__RAW DATA__.
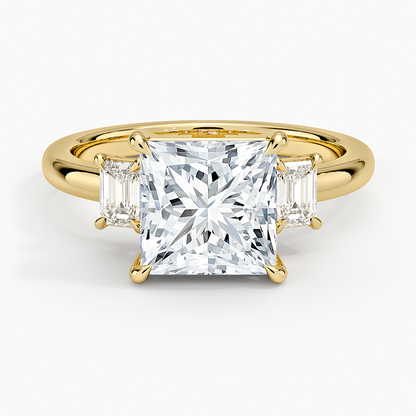 Petite Rhiannon Three Stone Diamond Ring (1/4 ct. tw.) - Princess Cut Center Stone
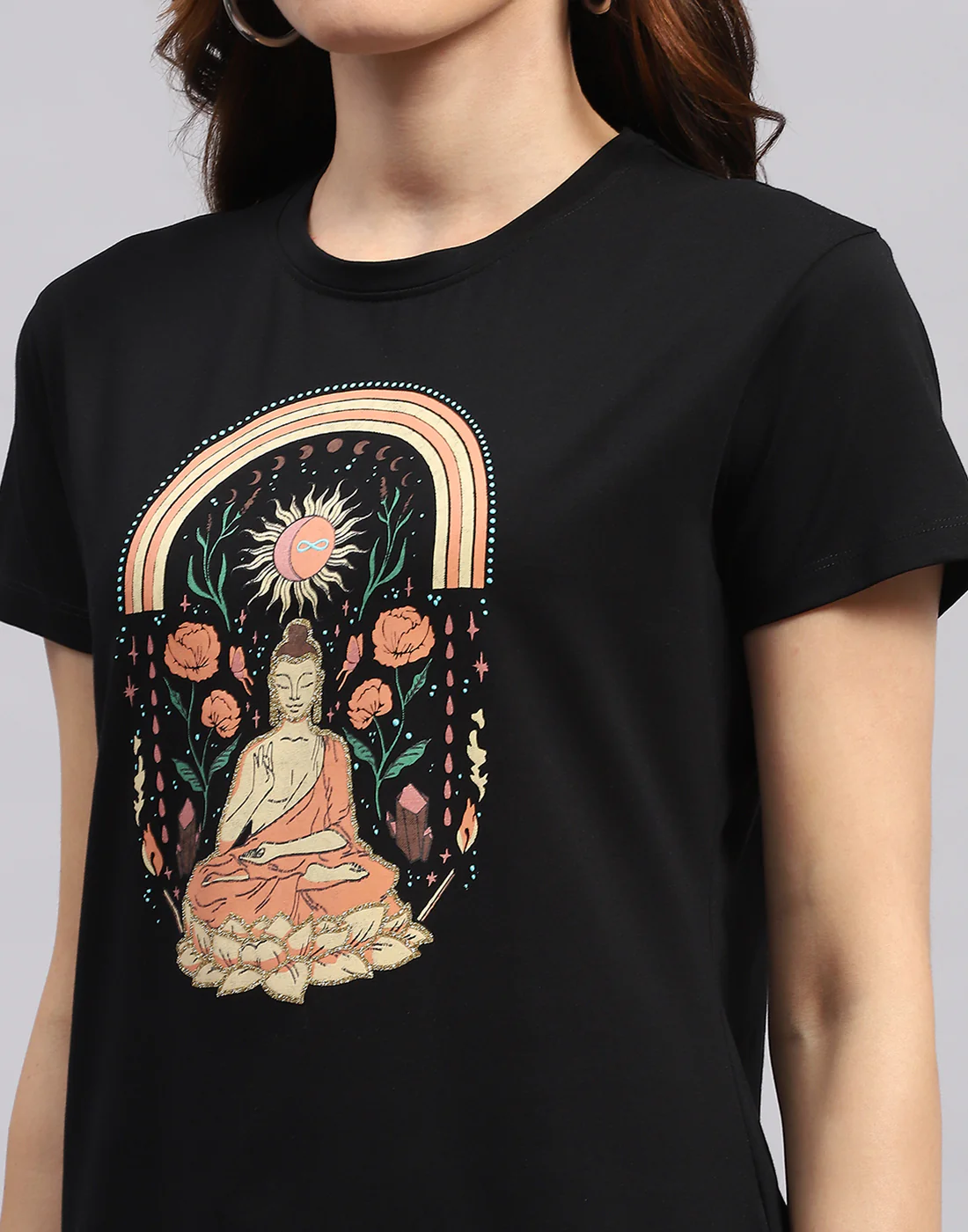 Women Black Printed Round Neck Half Sleeve Top - Image 7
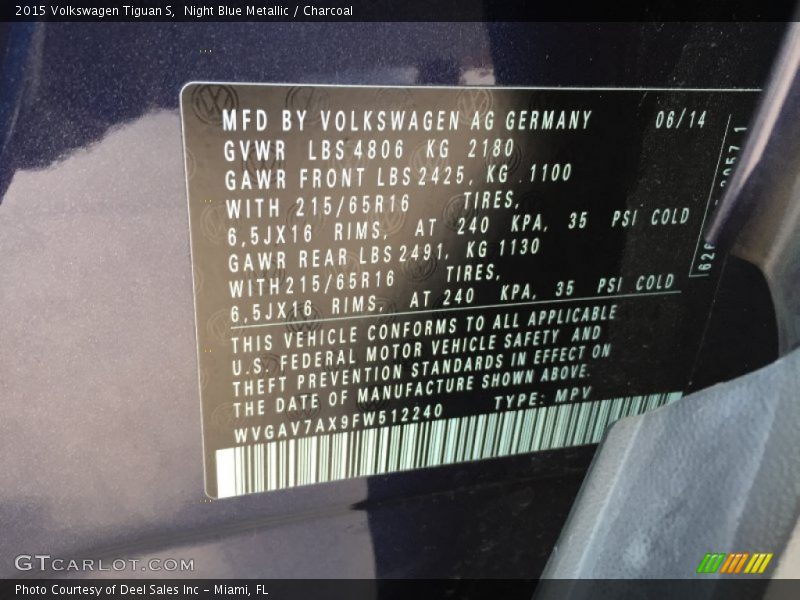 Night Blue Metallic / Charcoal 2015 Volkswagen Tiguan S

__TASK INSTRUCTIONS__. Output the listing exactly, pictures excluded.

__EXERCISE ANSWER__.
 Petite Rhiannon Three Stone Diamond Ring (1/4 ct. tw.) - Princess Cut Center Stone
 Women Black Printed Round Neck Half Sleeve Top - Image 7
 Night Blue Metallic / Charcoal 2015 Volkswagen Tiguan S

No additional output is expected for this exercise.